Your suggestions and recommendations are welcome.


Thanks in advance


----------



## Steve Neul (Sep 2, 2011)

I replaced my Craftsman miter box with a Dewalt 12" compound miter saw in the late 1980's and still using it.


----------



## Toolman50 (Mar 22, 2015)

Miter saws continue to evolve. Early miters cut on a wood table which you replaced after you cut it up. 
By the ‘70’s the swiveling metal tables were introduced as a major improvement. 
In the ‘80’s the compound Miter was introduced as another game changer. 
Today you can buy a compound Miter in 10” or 12” from any tool supplier. 
My first Miter saw was a Delta but I’ve enjoyed a Makita for over 25 years.


----------



## Mad (Dec 9, 2017)

GuitarPhotographer said:


> My venerable Craftsman miter ate its blade guard ... the guard disintegrated into a shower of sharp plastic pieces!
> So, now I need to buy a new miter saw.



What about just getting a new blade guard? Sears is dying a long drawn out death (100 _more _store closures announced last week, on top of the several hundred closures already planned or executed), but Sears Parts Direct is still open selling parts until they are gone. Using the part number of your saw, you can not only search Sears Parts Direct, you might also search eBay for dead saws with good parts and eReplacement Parts for breakdowns and prices on individual parts, and Craigslist just to see what comes up. If your current saw is as 'venerable' as you describe, no sense in throwing the baby out with the bath water.




GuitarPhotographer said:


> The Bosch "knuckle" action looks great but the saw has gotten poor reviews and I'm hesitant to purchase something so expensive if it won't make perfect cuts.
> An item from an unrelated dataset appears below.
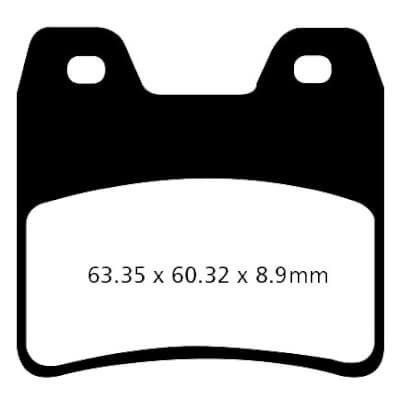 XJR1300 Brake Pads Rear EBC 2002-2013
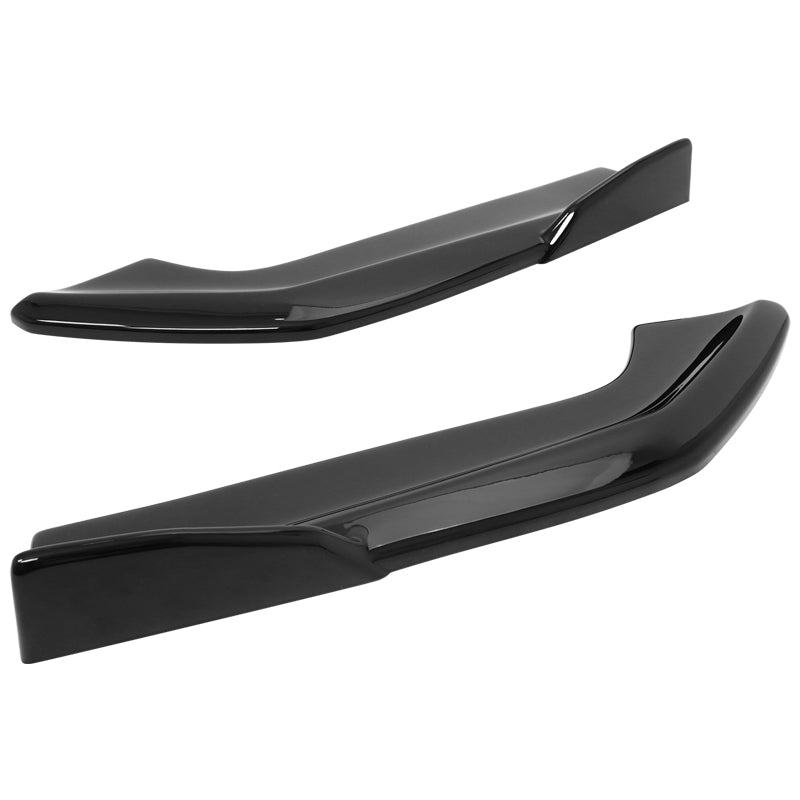 Rear Aprons for Ford Mustang Ecoboost GT 2024-2026 IKON Style Gloss Black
You can make perfect cuts with a Bosch Glide Arm saw, once you understand how you can make less than perfect cuts. I have the 12" Bosch "knuckle action" Glide saw, and once I mounted an arbor laser to it, I was able to visualize how my arm could exert influence on the glide arm. Once I saw it with the laser line glowing in action, I immediately understood how this could be a great benefit in the fit up of parts. I could make both perfect cuts, as well as purposely make imperfect cuts to cancel out imperfect circumstances in the material or in the installation, yielding a result that looks perfect where a perfect cut would look off.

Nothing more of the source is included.